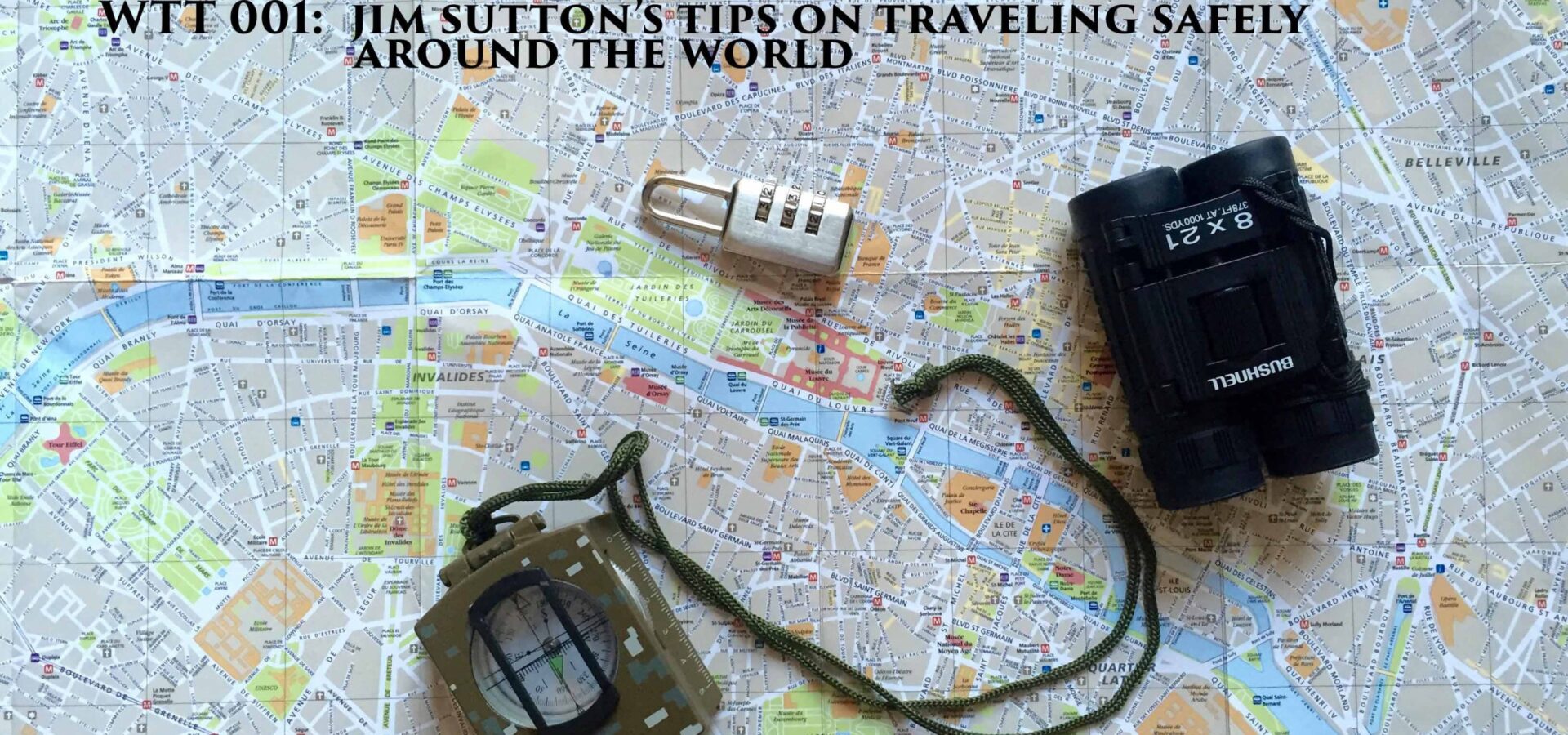 Jim Sutton travel security gadgets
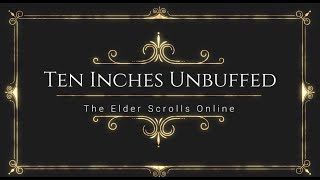 ESO TEN INCHES UNBUFFED  Can You Feel It PVP Montage [upl. by Lletram]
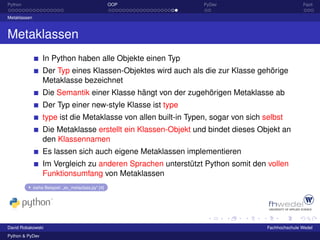 Python                                                OOP         PyDev                             Fazit

Metaklassen



Metaklassen
                   In Python haben alle Objekte einen Typ
                   Der Typ eines Klassen-Objektes wird auch als die zur Klasse gehörige
                   Metaklasse bezeichnet
                   Die Semantik einer Klasse hängt von der zugehörigen Metaklasse ab
                   Der Typ einer new-style Klasse ist type
                   type ist die Metaklasse von allen built-in Typen, sogar von sich selbst
                   Die Metaklasse erstellt ein Klassen-Objekt und bindet dieses Objekt an
                   den Klassennamen
                   Es lassen sich auch eigene Metaklassen implementieren
                   Im Vergleich zu anderen Sprachen unterstützt Python somit den vollen
                   Funktionsumfang von Metaklassen
              siehe Beispiel: „ex_metaclass.py“ [4]




David Robakowski                                                                     Fachhochschule Wedel
Python & PyDev
 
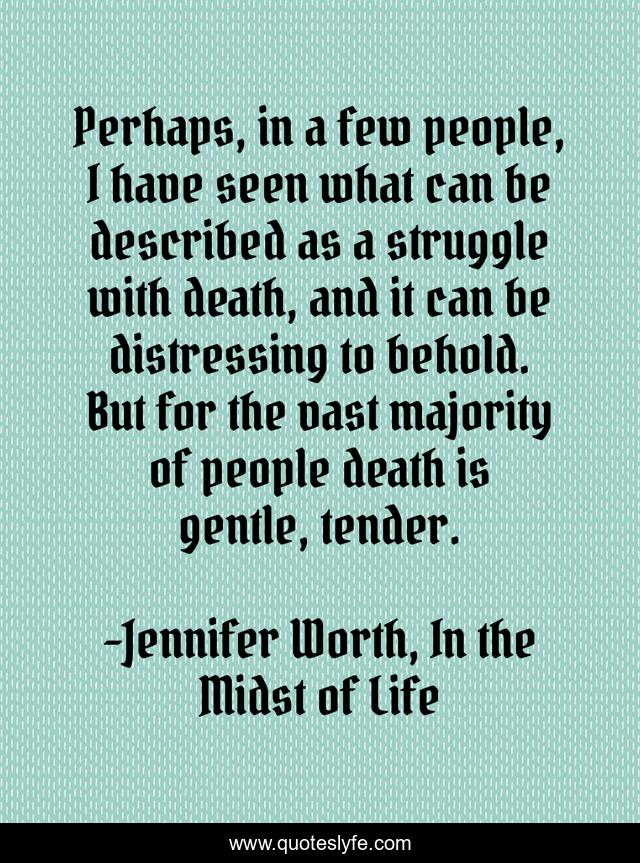 Perhaps, in a few people, I have seen what can be described as a struggle with death, and it can be distressing to behold. But for the vast majority of people death is gentle, tender.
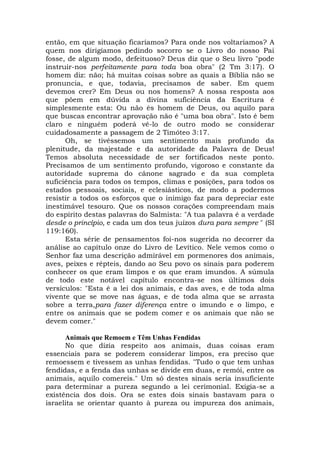então, em que situação ficaríamos? Para onde nos voltaríamos? A
quem nos dirigíamos pedindo socorro se o Livro do nosso Pai
fosse, de algum modo, defeituoso? Deus diz que o Seu livro "pode
instruir-nos perfeitamente para toda boa obra" (2 Tm 3:17). O
homem diz: não; há muitas coisas sobre as quais a Bíblia não se
pronuncia, e que, todavia, precisamos de saber. Em quem
devemos crer? Em Deus ou nos homens? A nossa resposta aos
que põem em dúvida a divina suficiência da Escritura é
simplesmente esta: Ou não és homem de Deus, ou aquilo para
que buscas encontrar aprovação não é "uma boa obra". Isto é bem
claro e ninguém poderá vê-lo de outro modo se considerar
cuidadosamente a passagem de 2 Timóteo 3:17.
Oh, se tivéssemos um sentimento mais profundo da
plenitude, da majestade e da autoridade da Palavra de Deus!
Temos absoluta necessidade de ser fortificados neste ponto.
Precisamos de um sentimento profundo, vigoroso e constante da
autoridade suprema do cânone sagrado e da sua completa
suficiência para todos os tempos, climas e posições, para todos os
estados pessoais, sociais, e eclesiásticos, de modo a podermos
resistir a todos os esforços que o inimigo faz para depreciar este
inestimável tesouro. Que os nossos corações compreendam mais
do espírito destas palavras do Salmista: "A tua palavra é a verdade
desde o princípio, e cada um dos teus juízos dura para sempre " (SI
119:160).
Esta série de pensamentos foi-nos sugerida no decorrer da
análise ao capítulo onze do Livro de Levítico. Nele vemos como o
Senhor faz uma descrição admirável em pormenores dos animais,
aves, peixes e répteis, dando ao Seu povo os sinais para poderem
conhecer os que eram limpos e os que eram imundos. A súmula
de todo este notável capítulo encontra-se nos últimos dois
versículos: "Esta é a lei dos animais, e das aves, e de toda alma
vivente que se move nas águas, e de toda alma que se arrasta
sobre a terra,para fazer diferença entre o imundo e o limpo, e
entre os animais que se podem comer e os animais que não se
devem comer."
Animais que Remoem e Têm Unhas Fendidas
No que dizia respeito aos animais, duas coisas eram
essenciais para se poderem considerar limpos, era preciso que
remoessem e tivessem as unhas fendidas. "Tudo o que tem unhas
fendidas, e a fenda das unhas se divide em duas, e remói, entre os
animais, aquilo comereis." Um só destes sinais seria insuficiente
para determinar a pureza segundo a lei cerimonial. Exigia-se a
existência dos dois. Ora se estes dois sinais bastavam para o
israelita se orientar quanto à pureza ou impureza dos animais,
 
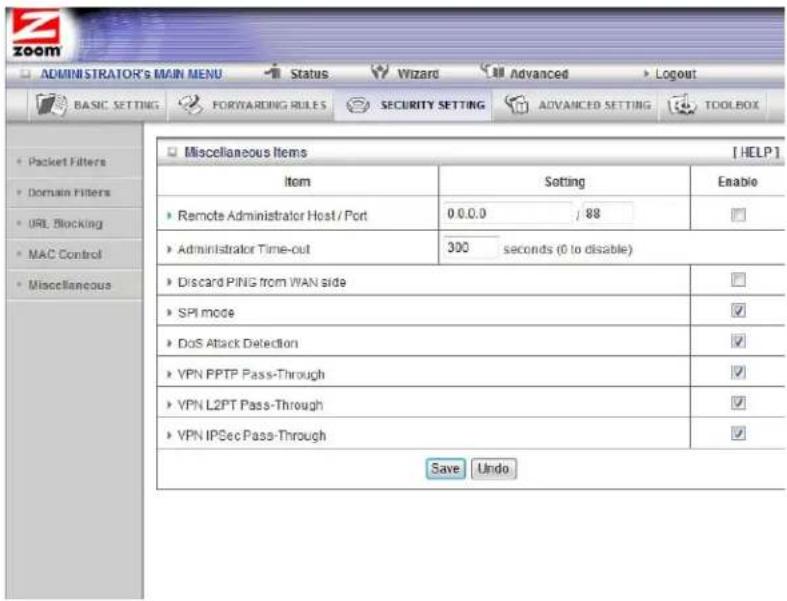 ADMINISTRATOR'S MAIN MENU Status Wizard Advanced Logout BASIC SETTING FORWARDING RULES SECURITY SETTING ADVANCED SETTING TOOLBOX Packet Filters Domain Filters URL Blocking MAC Control Miscellaneous Miscellaneous Items [HELP] Item Setting Enable Remote Administrator Host / Port 0.0.0.0 / 88 Administrator Time-out 300 seconds (0 to disable) Discard PING from WAN side SPI mode ✓ DoS Attack Detection ✓ VPN PPTP Pass-Through ✓ VPN L2PT Pass-Through ✓ VPN IPSec Pass-Through ✓ Save Undo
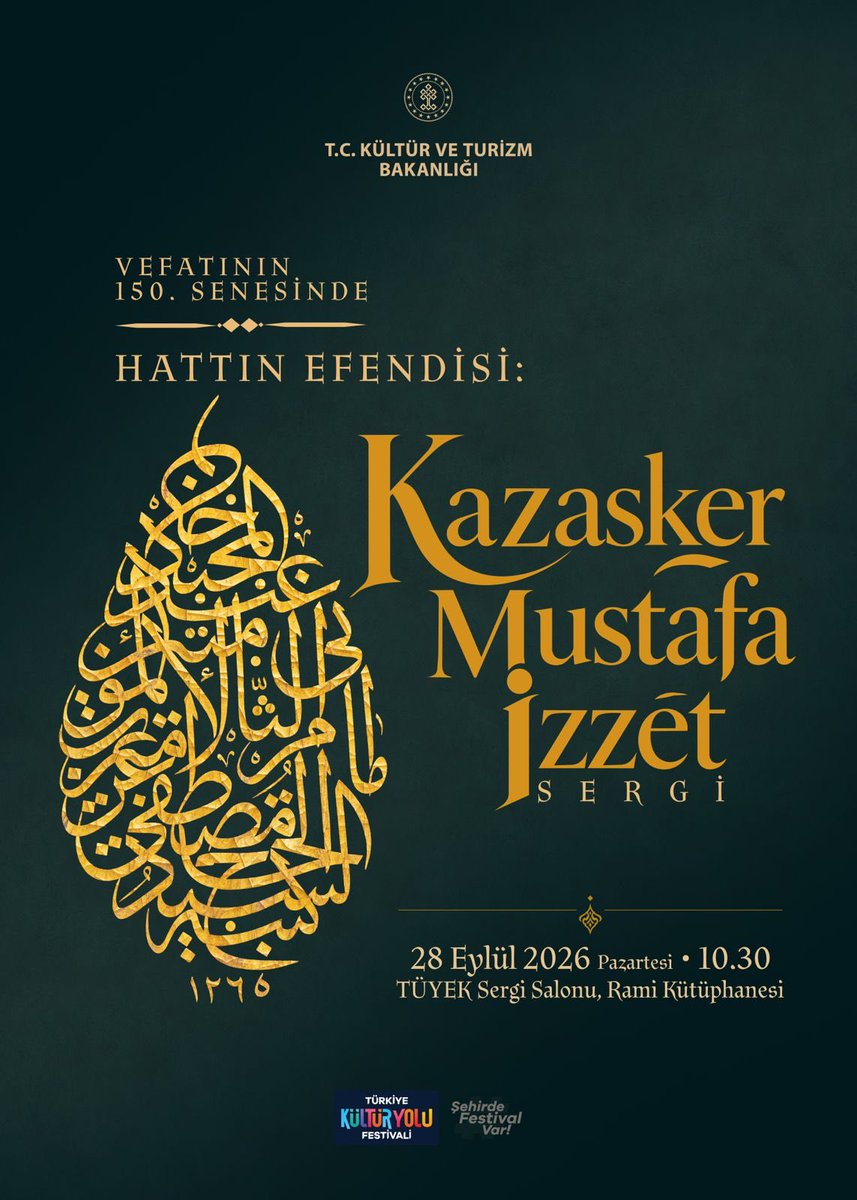 ekremaytar's tweet photo. Ayasofya-i Kebir Camii Şerifi'ndeki hatları ile bilinen Kazasker Mustafa İzzet Efendi'nin vefatının 150. senesi dolayısı ile hazırladığımız sergimizin açılışına tüm sanatseverleri bekliyoruz. Tarih: 28 Eylül 2026 Pazartesi, Yer: Rami Kütüphanesi Sergi Salonu, Saat : 10.30 https://t.co/UK5rkunP5N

■ **Problem to work on**: Every line in the listing that holds the string "profundo" should be copied out.

■ **Solution**:
Oh, se tivéssemos um sentimento mais profundo da
Precisamos de um sentimento profundo, vigoroso e constante da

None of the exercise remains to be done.